И медальон с золотой осой.

– Люли-люли, прилетели гули… что мне с тобой делать… что мне с тобой делать…

Он ходил и ходил по комнате, раз за разом повторяя свой вопрос, и от частого повторения слова его превратились в лишенные смысла звуки. Младенец не отвечал – пригрелся, заснул у братца на груди; Гринь уложил его в корзину, пристроил сверху вышитый матерью полог.

Долго сидел на лавке, свесив руки между колен.

Потом встал, оделся, взял шапку и пошел к Оксане.

* * *

– Завтра Касьян сватов присылает.

Гриня, против ожидания, пустили в хату. Оксанины сестры шушукались на печи, Оксана стояла в сторонке и ковыряла на печи известку – хотя рано еще, завтра будет ковырять, когда сваты придут.

Гринь присел на уголке стола.

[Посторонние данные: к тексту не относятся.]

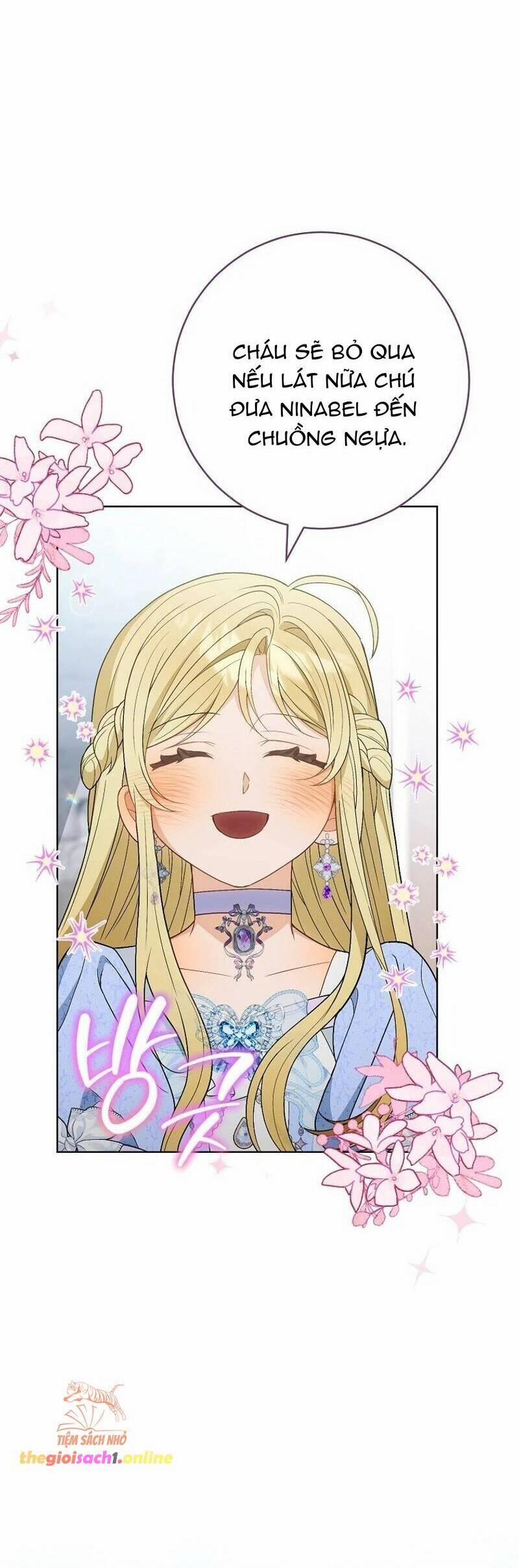 Tôi Bị Bảo Phải Chết 19 trang 36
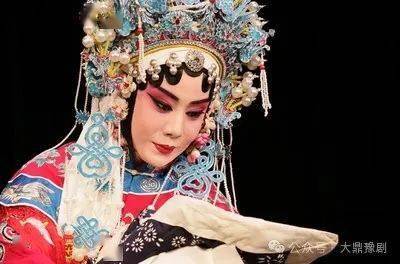 安阳市豫剧团"青春版"《三上轿》徐凤等主演_兰田_陈素真_崔氏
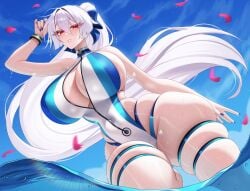 tomoe gozen (fate) from fate (series) by luunamito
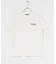 製品染GAWPINGロゴTシャツ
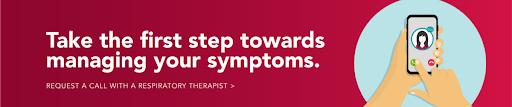 managing your symptoms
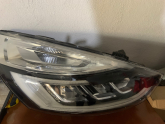 Oto Çıkma Parça / Renault / Clio / Far & Stop / Sağ Ön Far / Çıkma Parça 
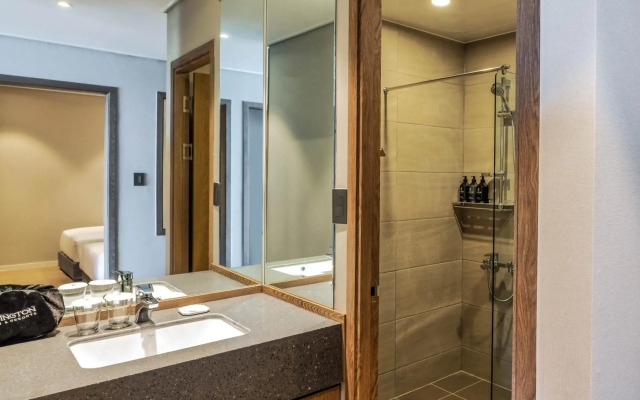 Kensington Resort Seogwipo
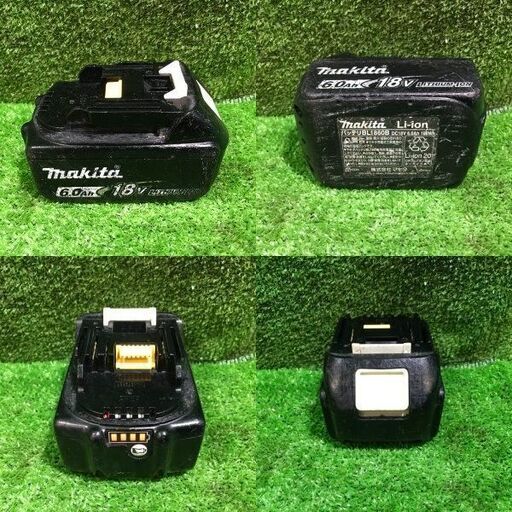 マキタ 18V充電式インパクトドライバ TD173DZ(本体のみ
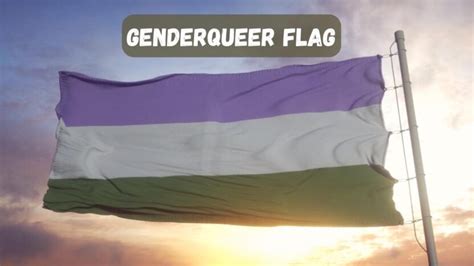 Unveiling the History of the Transgender Flag: Origins, Meaning, and ...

Оксанины родители сидели на лавке плечом к плечу – почти одного роста, оба сухощавые, суровые, со складками у бровей.

– Откажите Касьяну, – сказал Гринь.

– С какой радости?

– Сам сватов пришлю.

– Что за горе! – в сердцах сказала Оксанина мать. – Извел девку, истомил… И деньги уже есть… только куда дочь отдавать – в хату, чортом отмеченную?!

– Бесененка выкинь, – тяжело проговорил отец. – Попа позови, пусть покадит и все что надо прочитает. Коли пообещаешь, что завтра же – откажем Касьяну.

Оксана уткнулась в печку лбом. Так и замерла, не глядя ни на кого.

– Обещаешь, чумак? Чтобы завтра же…

Гринь молчал.

– А нет, так убирайся! – внезапно разозлилась Оксанина мать. – Душу тянуть из девки… чтобы ноги твоей не было!

– Он пообещает, – сказала Оксана, и по голосу ее было ясно, что она с трудом сдерживает слезы.

– Молчи, когда старшие говорят! – Оксанин отец опустил на стол кулак так, что подпрыгнули миски и кринки.

Гринь проглотил слюну.

– Обещаешь? – ласково, почти умоляюще спросила Оксанина мать.

Гринь молчал.

Оксанин отец поднялся с лавки. Широко распахнул дверь; прошелся по хате холодный сквозняк. Указал Гриню на выход:

– Вон.

Гринь не шелохнулся.

– Вон, сучье племя! Ведьмачий сын, чортов пасынок, чтобы духу твоего здесь не было!

Гринь поднялся и вышел.

В спину ему грохнула дверь; пройдя несколько шагов, Гринь наткнулся на поленницу, споткнулся, встал, удивленно глядя перед собой и не понимая, как это можно было промахнуться мимо калитки.

– Гриня…

Оксана выскочила ему вслед. Без свитки, босиком.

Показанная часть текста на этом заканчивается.